The core difference is first-stage architecture. The MK25 is a balanced piston design; the XTX200 first stage is a sealed, overbalanced diaphragm. The piston Scubapro is famous for enormous, immediate gas delivery — it flows like a fire hose and feels incredibly free. It's also a simpler, lighter mechanism. The tradeoff is that a traditional piston first stage exposes more of its working parts to the water, which is why piston regs have historically been the ones with cold-water caveats, while sealed diaphragm regs own the ice-diving and silty-cave reputation.

In warm, clean water, both breathe superbly and you'd be hard-pressed to feel a meaningful difference at recreational depths. The S620 second stage is excellent and adjustable in its own right. So the choice comes down to philosophy:

  • If you dive only warm, clean water and want the lightest, freest-breathing premium reg, the MK25/S620 is arguably the smarter buy. You're not paying for sealing you don't need.
  • If you want one regulator that handles everything — warm reef today, a cold spring or a silt-out cave or a cold-water trip next year — the sealed diaphragm XTX200 buys you a margin the piston design doesn't, at the cost of weight and price.

It's piston simplicity and raw flow versus diaphragm sealing and do-anything range. Neither is wrong. They're answers to different questions.

Who should buy this

Buy the XTX200 if you're tech-leaning, cold-water-curious, or you simply want one rugged, fully serviceable regulator that will never be the limiting factor in any dive you'll plausibly do — and you don't mind paying for and carrying capability you may not use every weekend.

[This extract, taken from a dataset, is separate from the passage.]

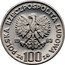 Poland 100 Zlotych (Environment Protection. Bear. Trial Strike) KM# Pr487 POLSKA RZECZPOSPOLITA LUDOWA 19 83 MW ZŁ 100 ZŁ coin obverse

If you are a pure warm-water recreational diver and you'll never leave the Gulf Stream, be honest with yourself: a lighter, cheaper premium reg like the MK25/S620 will breathe just as well on the reef and won't make you pay for ice ratings. There's no shame in buying the right tool for the water you actually dive.

My verdict: the XTX200 is overkill for warm Florida water, and I dive it anyway — because I'd rather own one overbuilt, sealed, endlessly serviceable regulator that covers every dive I might ever do than buy a second reg the day my diving gets colder or dirtier. If you think the same way, it's an easy recommendation. If you don't, buy lighter and save the money. Either answer is defensible; just pick it with your eyes open.